TASK STATEMENT: Identify the line with "for Samsung Galaxy S22 Plus Case, Star"; copy word for word that line and every one after it, to the end of the listing. Exclude pictures.

■ ■ ■ ■ ■

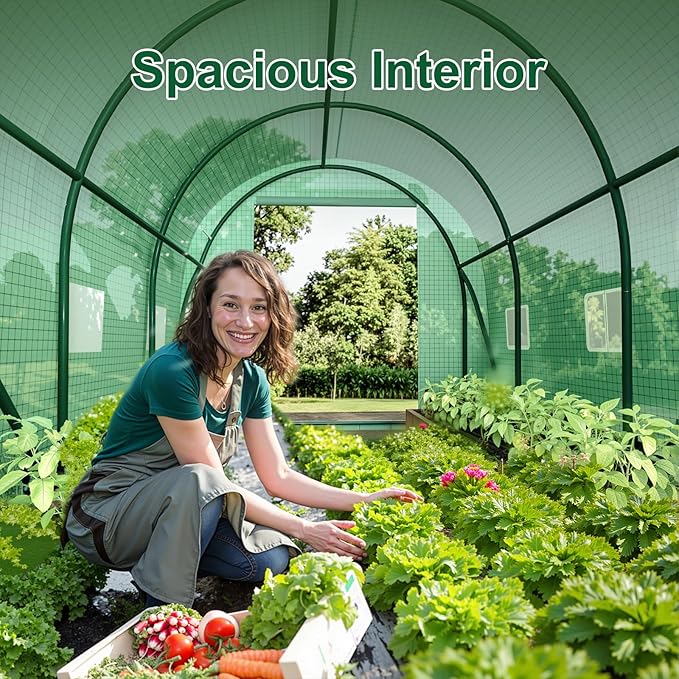 Greenhouse with Watering System, 12x7x7 Outdoor Greenhouse with 6 Mesh Windows and 1 Door, Easy Water and Irrigate Plants Green House (Green, 12x7x7 ft w/ Irrigation System)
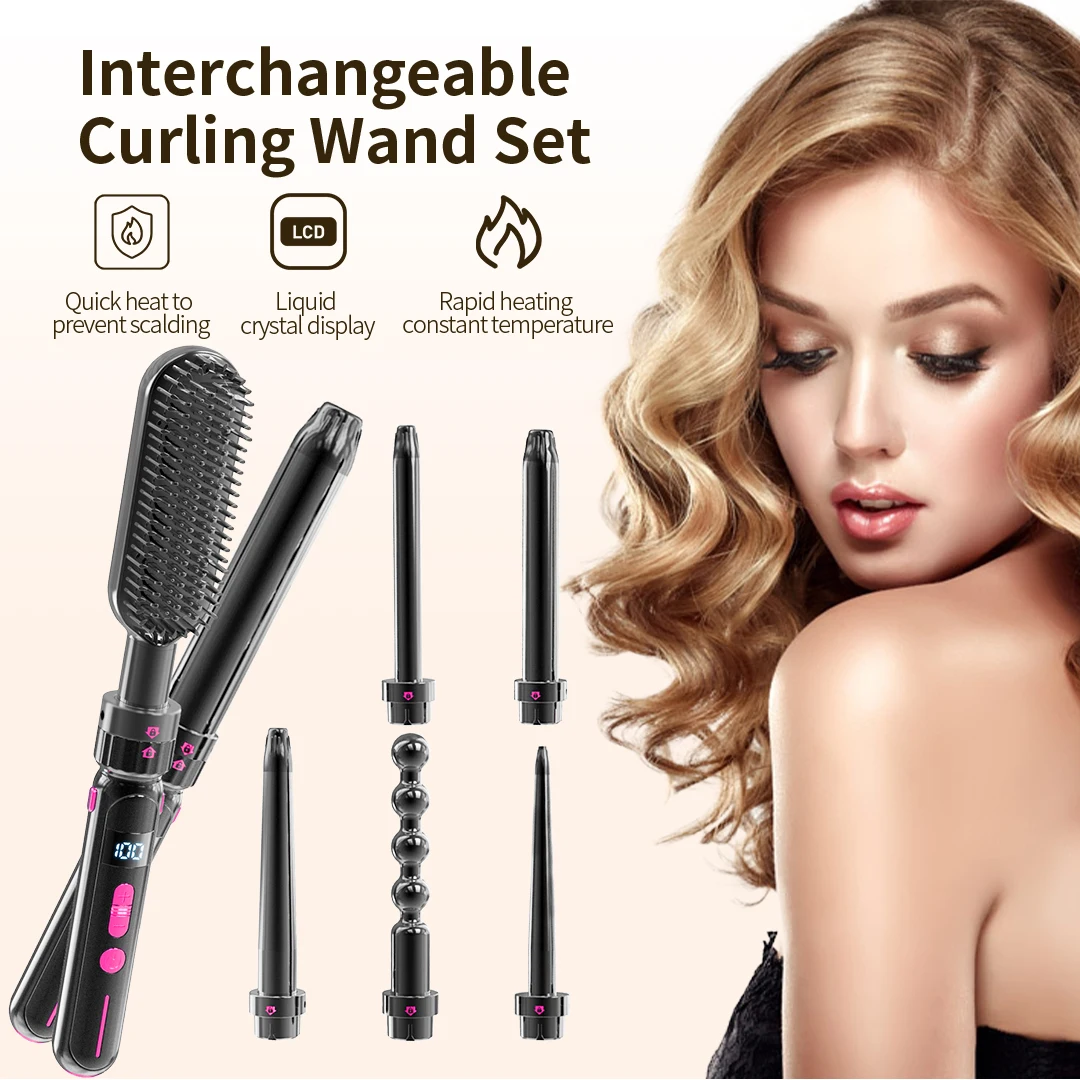 Hot 7 In 1 Barrel  Salon Ceramic Curling Tools Wand Waver Crimp Iron Professional Interchangeable Hair Straightener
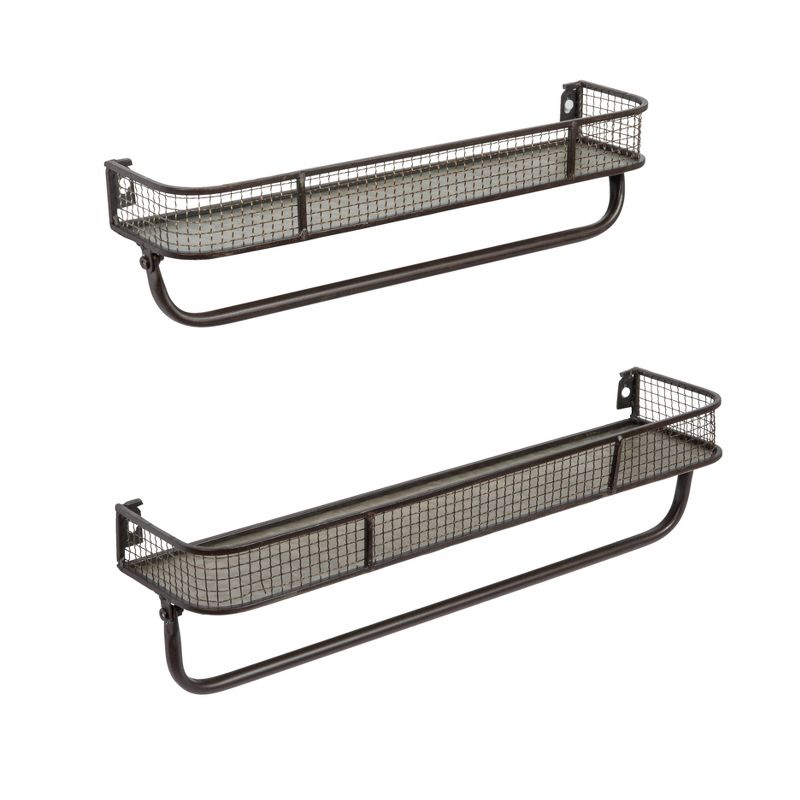 Storied Home (Set of 2) Metal Wall Shelves with Hanging Bar, 1 of 11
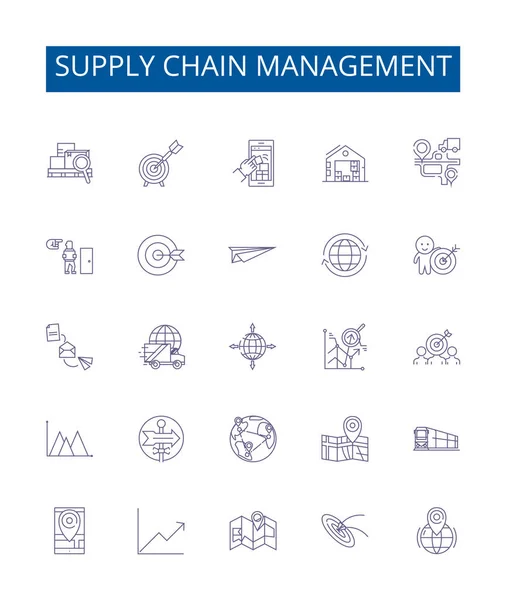 Supply Chain Management Line Icons Signs Set Design Collection Sourcing — Stock Vector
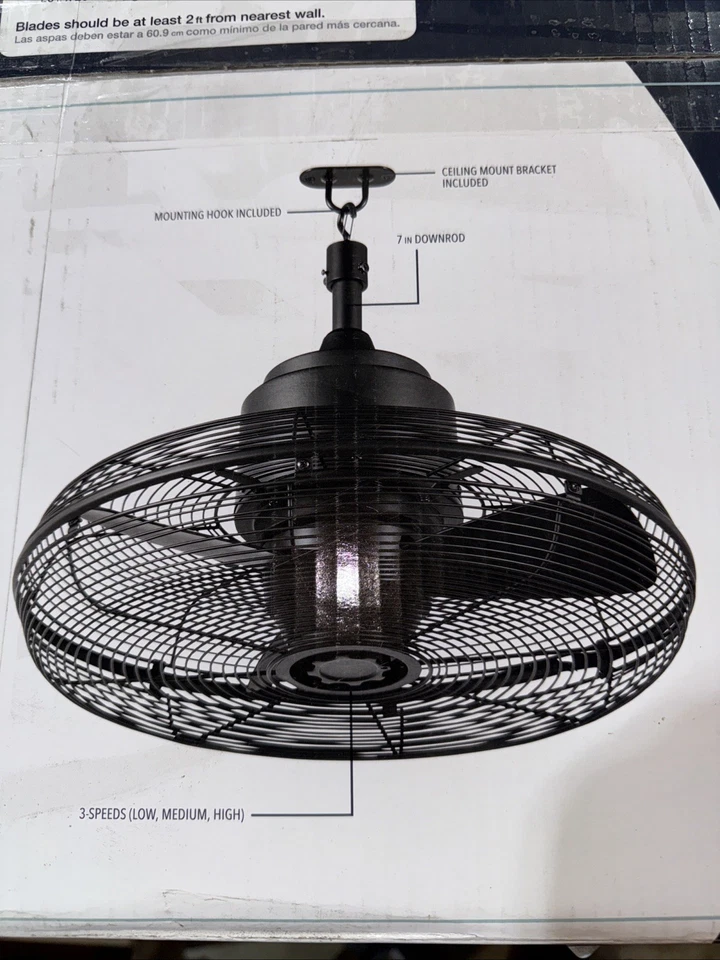 H B Conyer 20 in. Indoor/Wet Outdoor 3-Speed Anywhere Fan Black w/ Hanging Hook - Image 1 of 1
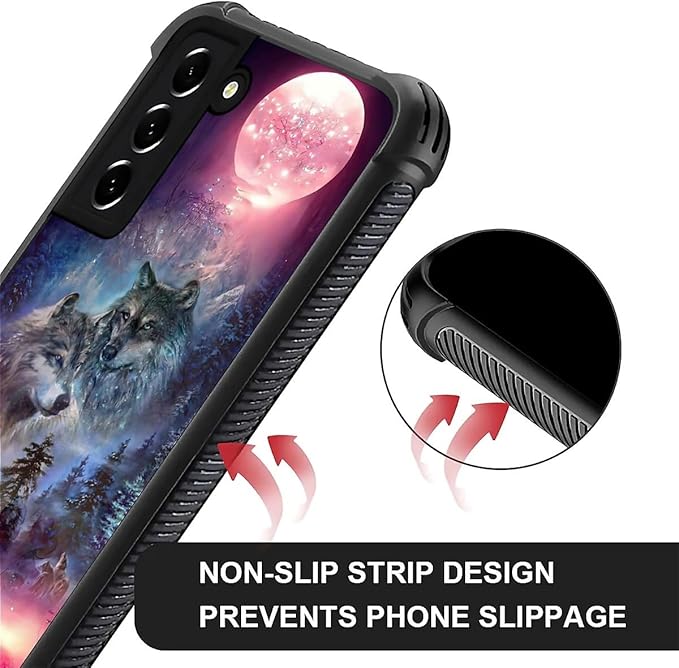 for Samsung Galaxy S22 Plus Case, Star Two Wolfs Howling Pattern Graphic Design Girl Boy Soft Silicone Hard Acrylic Shock Protection for Samsung Galaxy S22 Plus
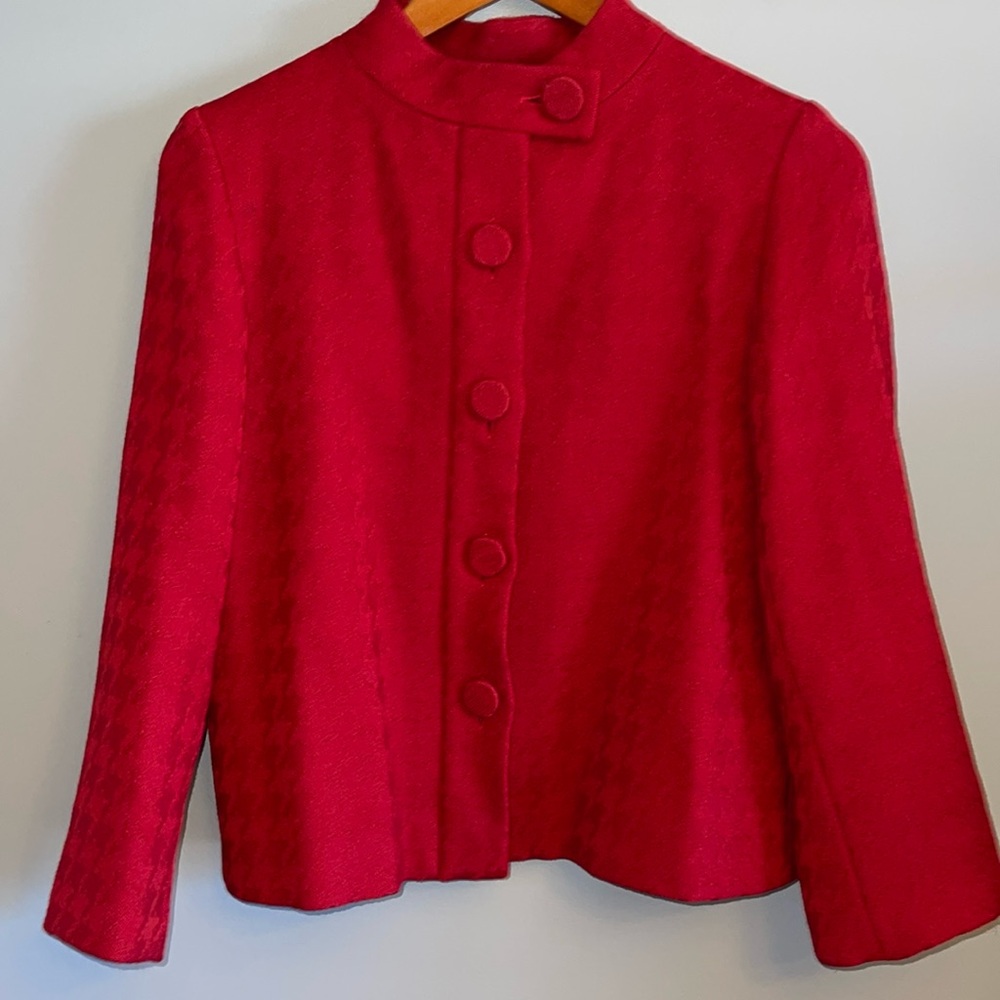 TEENFLO | Wool Lady Jacket in Red Houndstooth Jacquard sz 4
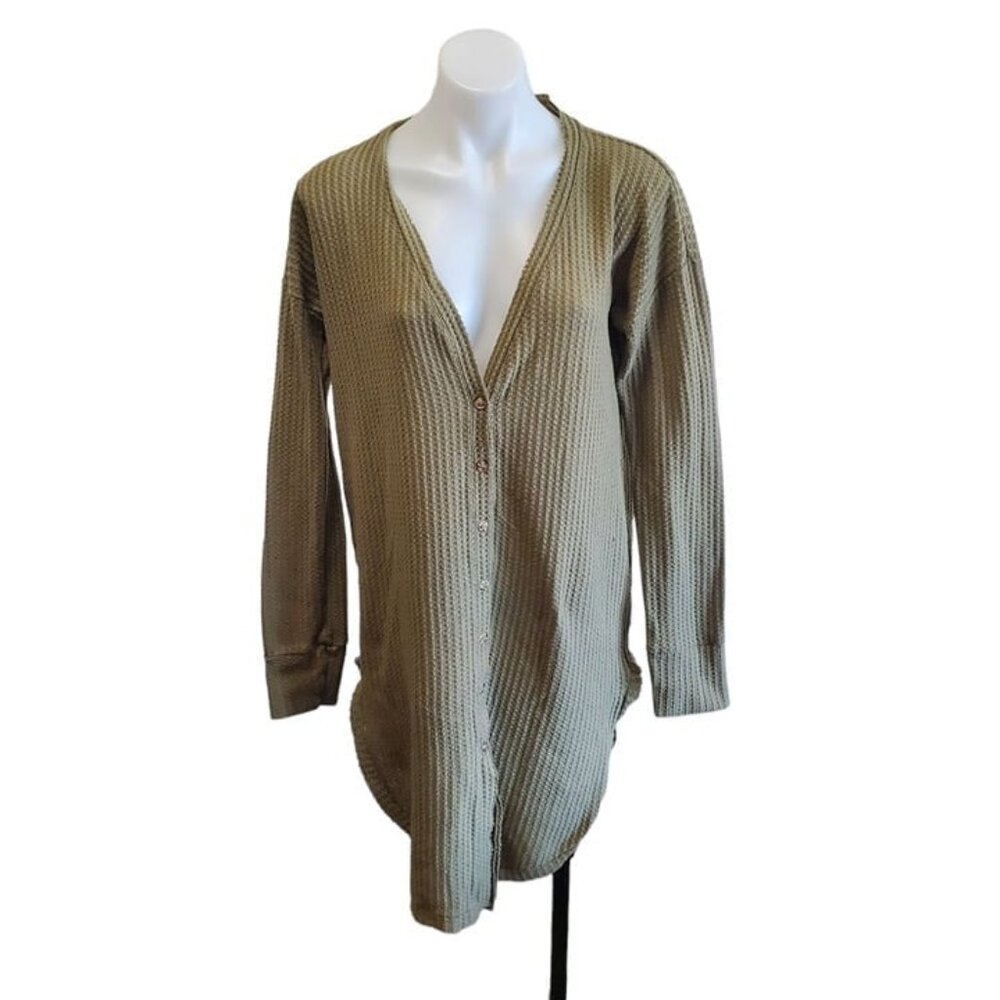 Hem & Thread Soft Cozy Olive Green Waffle Knit Oversized Cardigan Small-Large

■ ■ ■ ■ ■

SOLUTION FOR THIS EXERCISE:
 for Samsung Galaxy S22 Plus Case, Star Two Wolfs Howling Pattern Graphic Design Girl Boy Soft Silicone Hard Acrylic Shock Protection for Samsung Galaxy S22 Plus
 TEENFLO | Wool Lady Jacket in Red Houndstooth Jacquard sz 4
 Hem & Thread Soft Cozy Olive Green Waffle Knit Oversized Cardigan Small-Large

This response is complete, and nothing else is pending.